Sound is an important component of games. Sounds can be a cue to the player that something interesting or important has happened. They can direct attention, set mood, and/or provide rewards.
(Examples of sounds in games.)
First lecture: sounds; second lecture backgrounds/music. Distinction: short vs long.
Sound is pressure waves in the air. It comes from any vibrating object, travels (at ~300m/sec), and you can feel it with your ears [and the rest of your body, depending on strength and frequency].
How to look at it: waveform (good for loudness) & spectrum (good for everything else, also loudness).
Simplest sound: sine wave (power at just one frequency). Simple & boring.
Perception: people can hear ~20Hz to ~20kHz. Two important perception things: 2*freq = same pitch (we'll come back to this); 0.5*amplitude != 0.5*loudness.
Thing to think about: we have two ears but we can detect whether sounds are left or right and high or low and in front or in back.
Thing to think about: we have two ears but "surround sound" is still a thing.
Recording.
Easy way to get sound. Record pressure at different time points. (How fast to record?).
Synthesis.
Make sound with electronics or code; basic ideas in synthesis: oscillator, envelope, trigger, filter, LFO, FM/PM.
Environmental modelling: (Reverb; echo; impulse response; panning; falloff.)
Let's design a basic model [asset pipeline diagram].
A straightforward game sound setup consists of background sounds (long form, perhaps music) and sound effects (short sounds, clicks and beeps). Generally background sounds are slowly evolving and you only have one or two playing, and sfx are short and many play (potentially at once). Also some SFX loop.
How might you manage SFX and music in-game? A very simple model: SFX are stored uncompressed and can be triggered (potentially with pitch modification) to provide a handle to a playing sample. Music is stored compressed and is streamed as needed.
Audio output is really straightforward: an output device will play back a waveform of some bit depth at some sampling rate. So your game will need to supply some sort of proper waveform to the underlying audio system with some frequency.
SDL provides two ways to do this: in one, you provide a callback which is invoked whenever new audio is needed, while in the other, your code is responsible for queuing audio as it notices that the queue is draining.
NOTE: latency vs CPU time spent on audio.
NOTE: audio thread.
So, we've got the abstraction on one hand and the underlying need for output on the other hand. What do?
Pretty simple! For every playing effect, sum it up. That's it. (Quick note on panning: can't just linearly fade without a perceptual "dip" in the center. Nonlinear effects!)
Audio perception is weirdly non-linear. That is to say, a wave that is half the amplitude will *not* sound like it is half as loud.
This can lead to some weird effects, like having a "dip" in the center of the sound field when doing what seems like a straightforward stereo pan (look for "equal power panning" to realize you should weight by cos/sin).

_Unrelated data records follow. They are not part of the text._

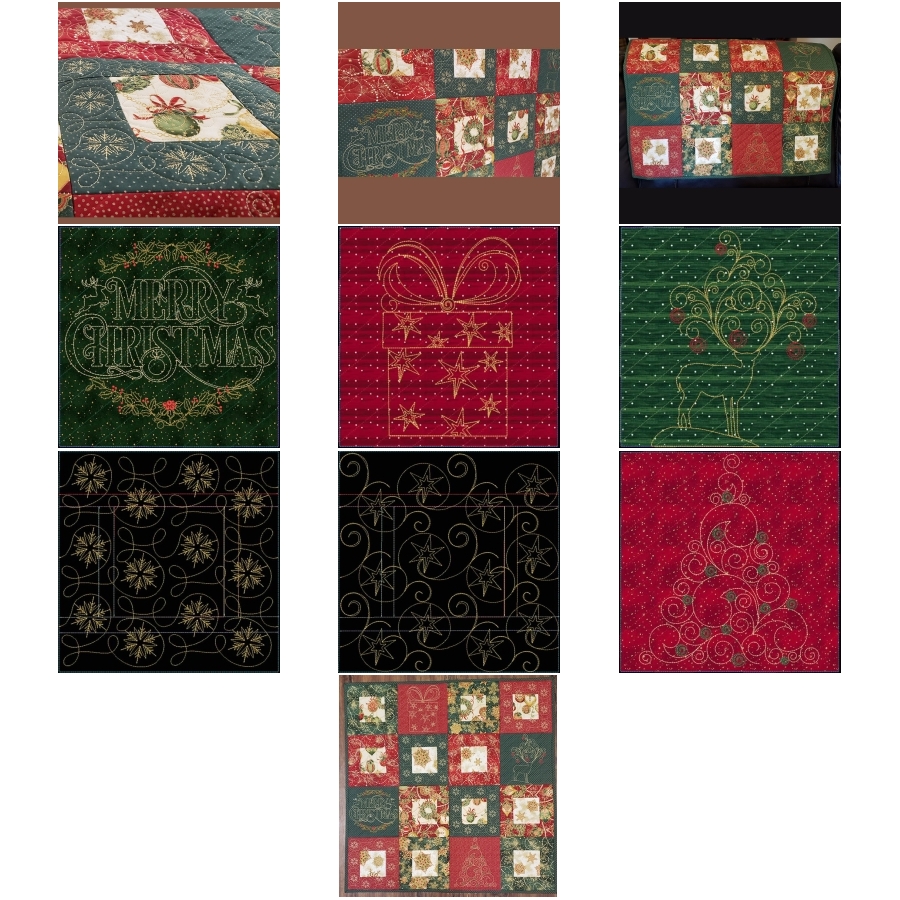 Christmas Square Quilt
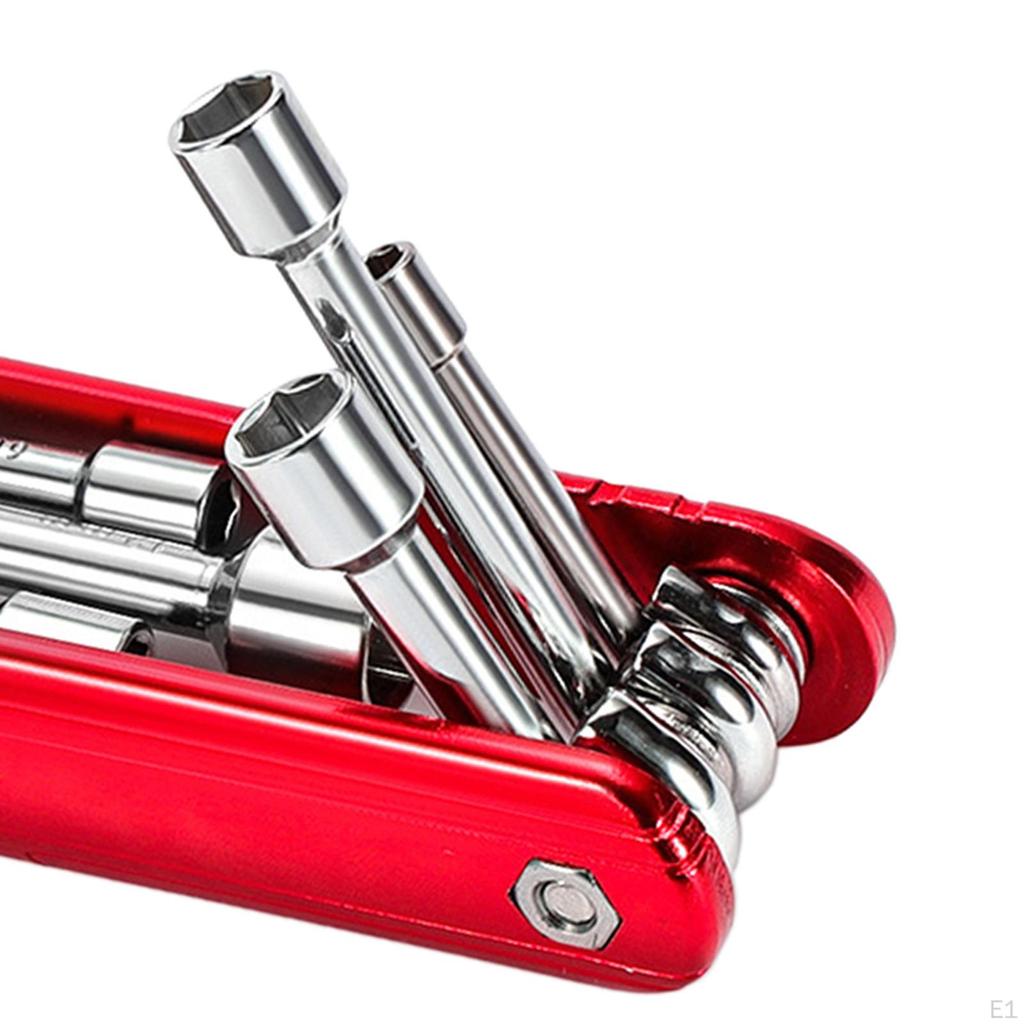 Складной набор шестигранных инструментов, гаечный ключ, высокопрочный ручной инструмент, легко носить с собой, компактный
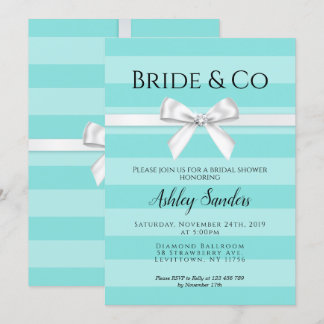 ミント ブライド & コー. ブライダルシャワー 招待状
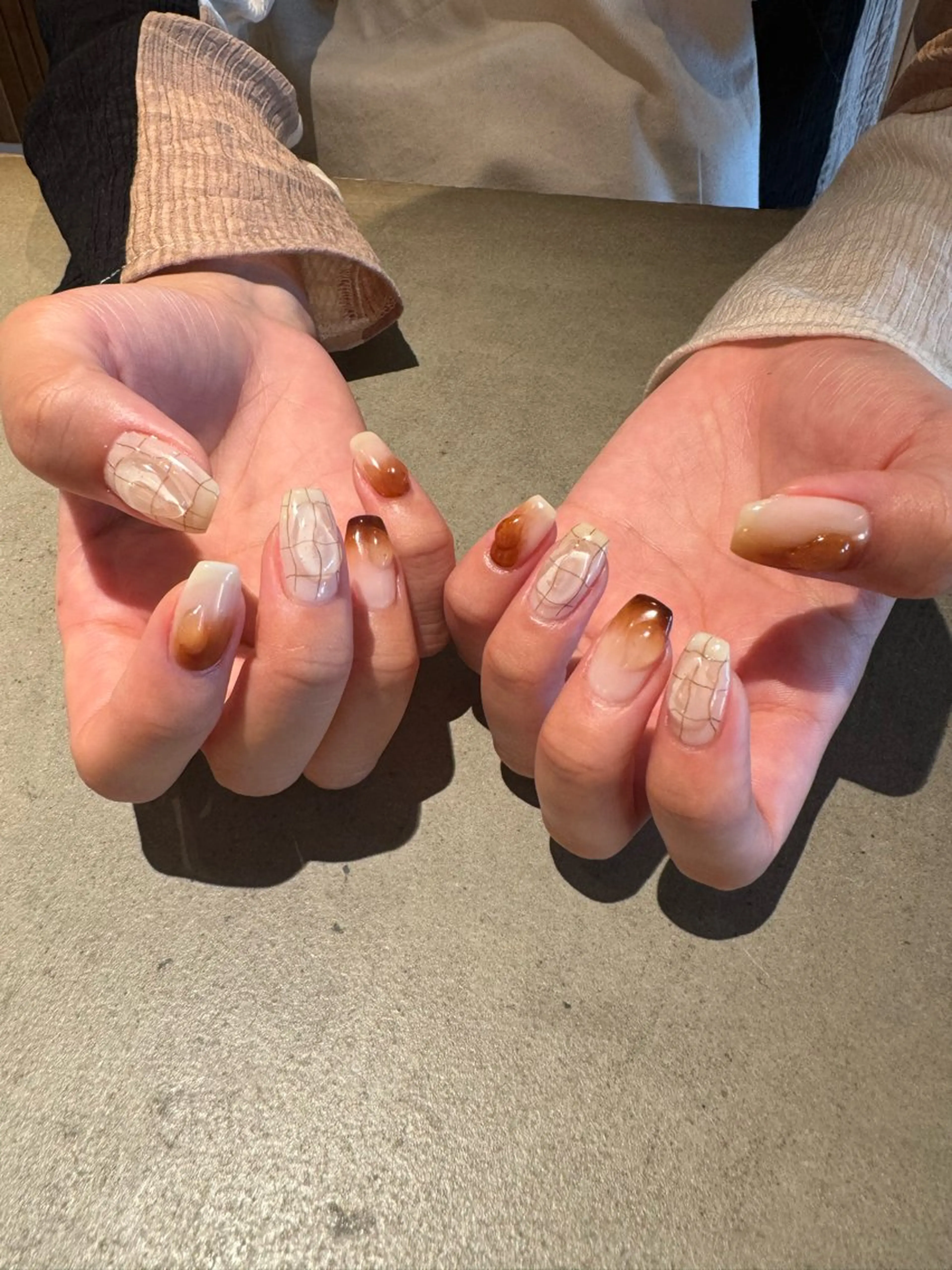 ネイル ハンドネイル にしぐち はるかのネイルデザイン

Audio perception is frequency-domain, but our perceptual apparatus tends to alias 2x frequency multiples. Weird stuff.
Trying to deal with real environments requires thinking about the shape of the external portion of the ears, how velocity shapes sound, and how the world reverberates. Also: inverse-square falloff. If you want to go this way, consider OpenAL (like OpenGL, but for 3D audio).
Stereo isn't everything. Real environments echo in really interesting ways.
From cheap-to-less-cheap:
Workflow 0: your phone. Just go record stuff, adjust in Audacity. Call it good.
Workflow 1: loops. Just pick some layers that seem good, audio done.
Workflow 2: chords. WELCOME TO MUSIC THEORY WORLD.
Sound will probably not break a game, but it can certainly make the game.
It's not clear if music theory reflects any essential perceptual truth or simply reflects a set of self-reinforcing cultural preferences. Regardless. Here's how it works.
We break every frequency doubling (octave) into 12 steps (pitches), each an even multiple (even temperament).
We then subset these pitches into sub-groups based on... well, it's not really clear, but we call them scales.
If you start at a pitch and walk 2,2,1,2,2,2,1 you get back to where you started (mod 12) and end up walking over what get's called a "major" scale. Flip that around (2,2,2,1,2,2,1) you get a "minor" scale.
Scales don't need to be 7 notes. 2,2,2,3,2,3 is a "pentatonic" scale. 2,1,2,1,2,1,2,1 is a "whole-half" scale.
Scales are basically subsets of the 12 steps that we commonly put together, which means they sound good together. (Or is it the other way around?)
Regardless, further subsetting scales gives you chords. Take the first, third, and fifth notes of a major scale to get a major triad. (That's also a 4,3 in terms of half-steps.) Through in the 7th note of the scale to get a 7th chord. 7th chords sound super sweet.
And remember that you can move notes by an octave without changing their meaning. This always blows my mind, but you can basically just copy and paste your chord all over the scale (well, in +/- 12 half-steps).
Basic idea: pick a chord, express it, move occasionally. Or sometimes move just part of the chord, resolve to a new chord. Some instruments will just be there to build and maintain the chord. Other instruments will pick around the scale for interest.
You can use DAWs for sound design also. This is actually kinda fun. Using old-style synths can give you old-style video game sounds.
Reverb and distortion to make things excellent.
Consider your listener's speakers.